Design and construction
- Architect: Eckel & Aldrich
- Main contractor: Pozzo Construction Co.

Los Angeles Historic-Cultural Monument
- Official name: National Biscuit Company Building
- Designated: October 9, 2007
- Reference no.: 888

= Biscuit Company Lofts =

Building in Los Angeles, California

The Biscuit Company Lofts is a 7-story building in Los Angeles, California.
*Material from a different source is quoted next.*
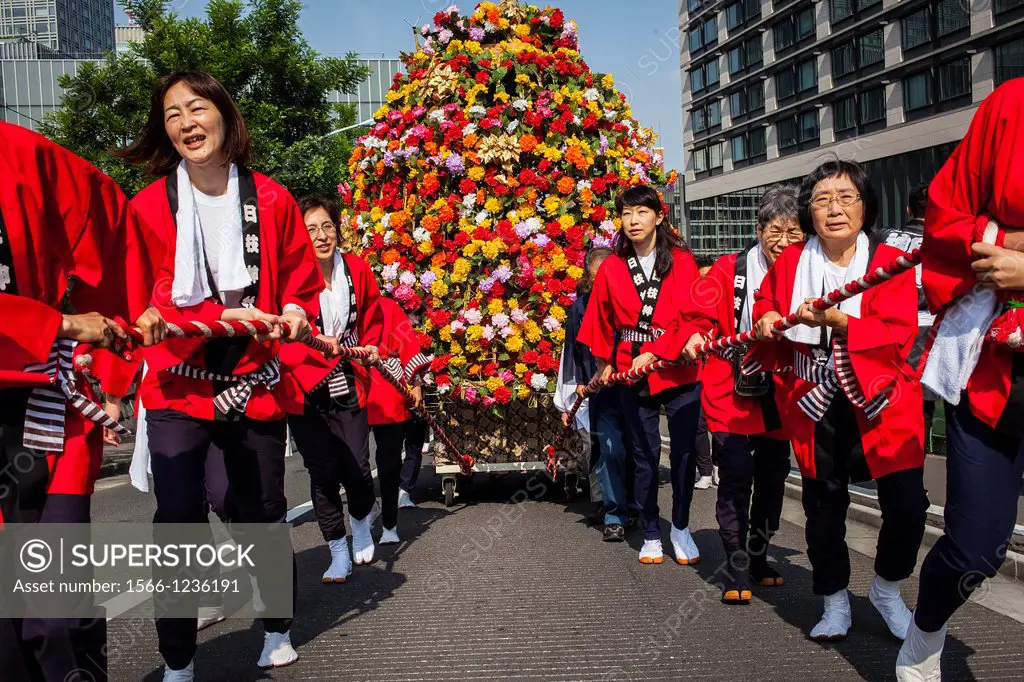 Sanno Matsuri parade The parade begins and ends at HieJinja shrine, Nagata-cho Tokyo city, Japan, Asia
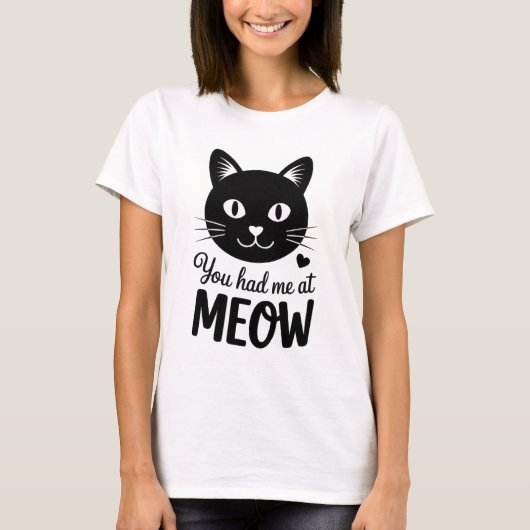ニャンで恋に落ちたわ - おもしろい女性用 Tシャツ (正面)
Built in 1925 as a factory, the building was converted to live/work lofts in 2006.

==History==
Conceived as the west coast headquarters for the National Biscuit Company, this landmark structure was designed by Eckel & Aldrich of St. Joseph, Missouri. Constructed in 1925 for a cost of 2 million dollars, this 7 story factory quickly became an architectural sensation.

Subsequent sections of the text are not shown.